I turned back to face him. He was still sitting in his pew. I didn't bother giving him a fake smile. He knew the last three months weren't easy for me. A lot had happened; some good, some bad, and I was still deciding which was which. "Not really."

He nodded in understanding. "Would you like me to hold you? You could cry on my shoulder for as long as you like."

I chuckled, but it wasn't funny. It was the most honest offer of sympathy I could have ever hoped to receive. He wasn't insisting I sit through a session of psychoanalysis. He wasn't even suggesting I should cry or needed to cry, just that I could. It was permission to freely feel whatever I want to feel, without any purpose other than to feel it.

I didn't know how to respond to that offer. It was too simple to say "yes" or "no" to. The truth was, I didn't want to leave, and any excuse to stay might have appealed to me.

Priest raised his arm, inviting me back. I returned to the pew and sat beside him. I wasn't sure how to begin the process of being held. He guided me into position, leaning me back across his lap, while I positioned my feet on the pew. He wrapped his arms around me and drew me against his chest. I draped over his shoulder like a baby needing to be burped.

It all felt strange and forced, but I let my head relax on his shoulder. He whispered a blessing that even at close proximity sounded like gibberish.

I started to enjoy the simplicity of the embrace. It wasn't tender like a "there, there, please stop crying so you don't snot on my shirt" hug. It was strong and pressing like an "I missed you so much, don't ever leave again" hug.

I could smell my floral shampoo on Priest's hair. It was by no means a manly scent, but clean was appealing no matter what the undertone.

I realized that trying to cry wasn't going to work and I tried to push away, but he shifted his grip to press my head back to his shoulder. He wasn't going to let me go that easily.

I sighed and waited for him to tire of the experience, but he didn't seem to be in any rush. He was in essence hugging the pain out of me. It was an interesting and generous therapy. Unfortunately, it was also boring as hell.

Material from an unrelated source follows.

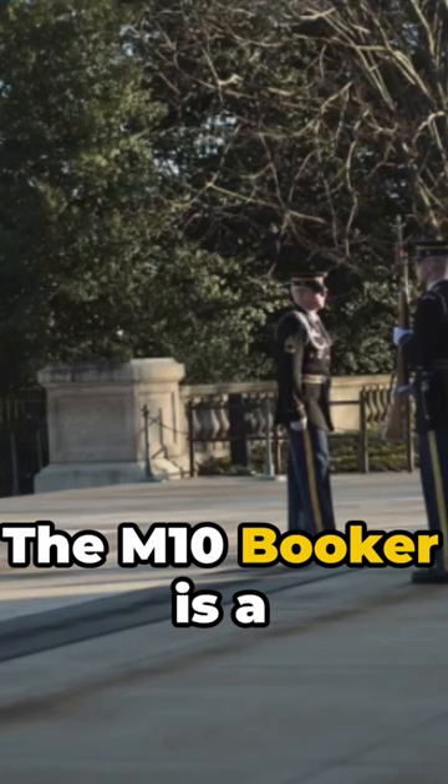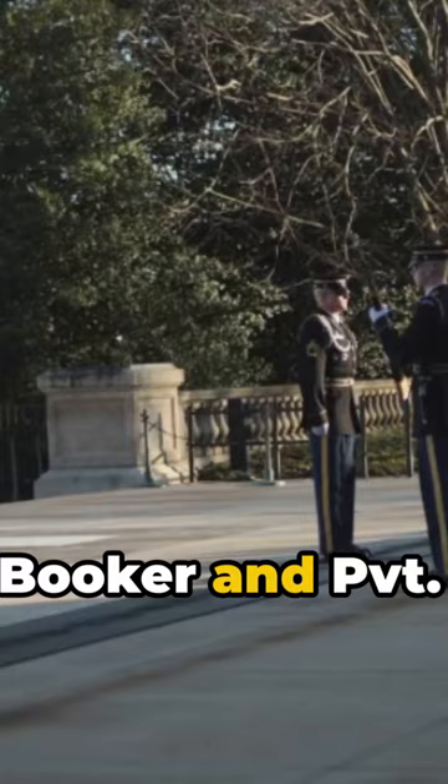The M10 Booker is a tribute to two valiant soldiers, Staff Sergeant Stephen A. Booker and Private Robert D. Booker, who served our country in different eras.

The thought of that made me huff out a laugh. The vocalization of even that opposing emotion spurred me into an unexpected hyperventilation. The last three months were suddenly on my doorstep and I knew I was about to lose it. Not just sad tears, but a complete and utter breakdown rarely seen in adulthood. This was not going to be pretty.

I tried to pull away again. This was too much, too fast; I needed space to get control. Priest didn't budge.

I panicked, feeling suffocated by my surfacing emotions. I couldn't get away from them, or from Priest. I was about to have an emotional climax. I could feel it coming, and I knew it would feel good to let it out, but I was so afraid of it, scared of all the anger and fear I had swallowed over the last three months, and my unforeseen disappointment at it all ending.

I squeezed Priest's back and ripped at his shirt, warning him that I might explode if he let this continue. The tears were already rolling from my eyes, and my heaving breaths were so ragged that anyone listening would have been confused about the goal of my ascent.

Half in frustration, half in relief, I tumbled over the edge with a wail that even the most sympathetic listener would have been uncomfortable with. I clawed at Priest's back, screaming irascibly against his stilled body.

I sucked up stuttered breaths like a child unable to reconcile the consequences of being an emotional being. At one point, I even bit Priest's shoulder, for no other reason than to punish him for letting me put myself through such an overload.